MCU validation is built around automation and reuse
Silicon Labs’ team showed us a homegrown validation platform with socketed daughtercards for each product, a motherboard used as a switch matrix, and internally developed software to run automated test sequences. Devices can be loaded into a tester, exercised across multiple conditions, and left to run while results are stored centrally for later analysis.
For engineering teams, the value of that approach is obvious. Automation reduces test overhead, increases coverage, and makes it easier to reuse workflows on derivative products. It also supports the kind of long-run validation needed to expose issues that may not show up in initial product engineering bring-up. Silicon Labs’ public MCU platform messaging supports that emphasis on tooling and support, highlighting developer resources, kits, software, and debugging infrastructure around its controller portfolio.

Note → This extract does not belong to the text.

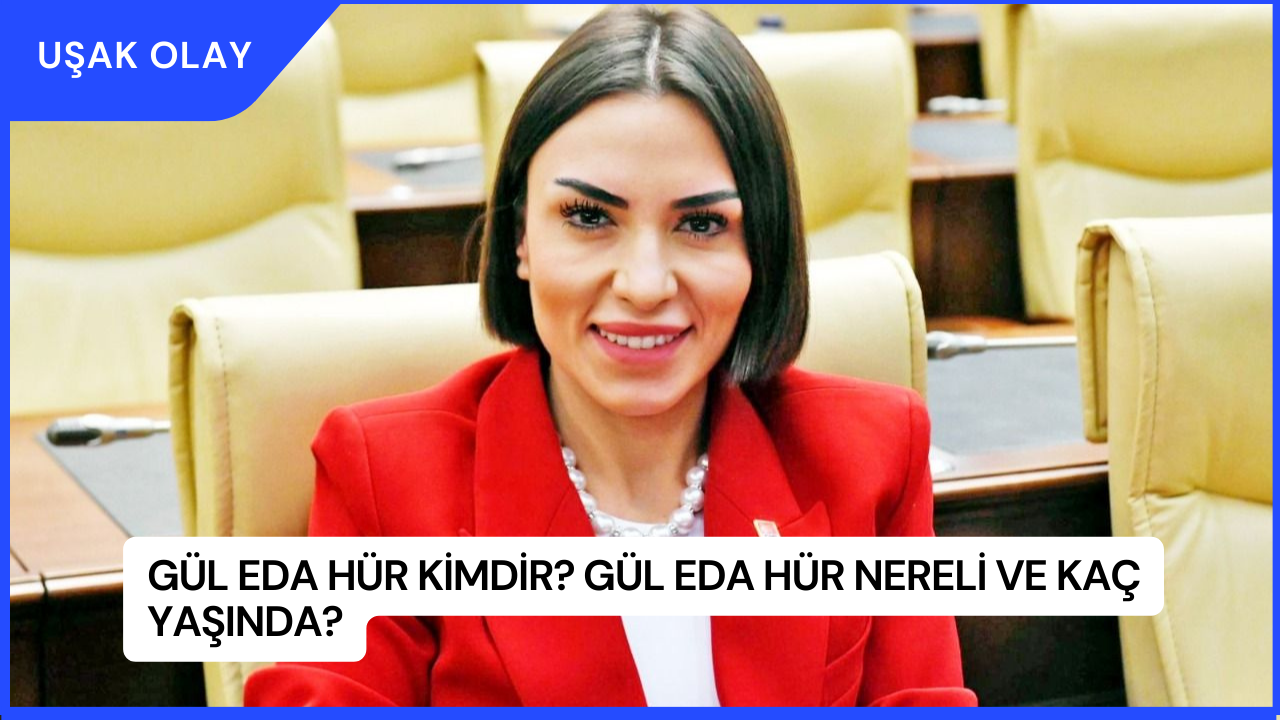Gül Eda Hür Kimdir? Gül Eda Hür Nereli ve Kaç Yaşında?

RF validation has a different job
The RF side of the lab introduces a different set of constraints. The team walks through shielded chambers, generator and analyser racks, four-device batch handling, and signal switching designed to test one device after another under controlled interference scenarios. The purpose is to measure how well a receiver can identify the intended signal, how cleanly a device transmits, and whether unwanted emissions stay within acceptable limits.

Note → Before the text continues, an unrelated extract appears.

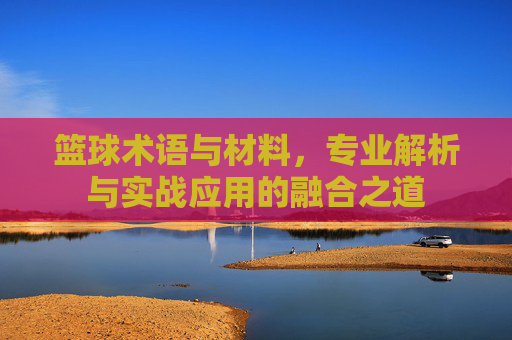 篮球术语与材料，专业解析与实战应用的融合之道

That is not optional work for wireless products. Silicon Labs’ public certification notes explain that wireless system-on-chip (SoC) and integrated-circuit devices are not inherently pre-certified because the final radio path, layout, and antenna implementation belong to the end product. Customers therefore need RF measurements to validate compliance, and Silicon Labs’ own application material references FCC, ETSI, and other regulatory frameworks throughout that process.
Why the global lab footprint matters
Another useful detail from the video is lab replication. The Austin team describes similar setups operating across multiple global sites. Publicly, Silicon Labs confirms a broad engineering footprint that includes Austin, Hyderabad, Singapore, Budapest, and Oslo, along with offices in more than a dozen countries. That global presence matters because validation becomes more effective when methods, scripts, and lab infrastructure are consistent across teams.
What engineers should take from this
For an engineering audience, the main takeaway is simple. Validation is where the product becomes credible. The design may already function, but the lab work determines how well it holds up across time, temperature, interference, emissions, and repeated automated testing. In connected systems, that is where release confidence is earned.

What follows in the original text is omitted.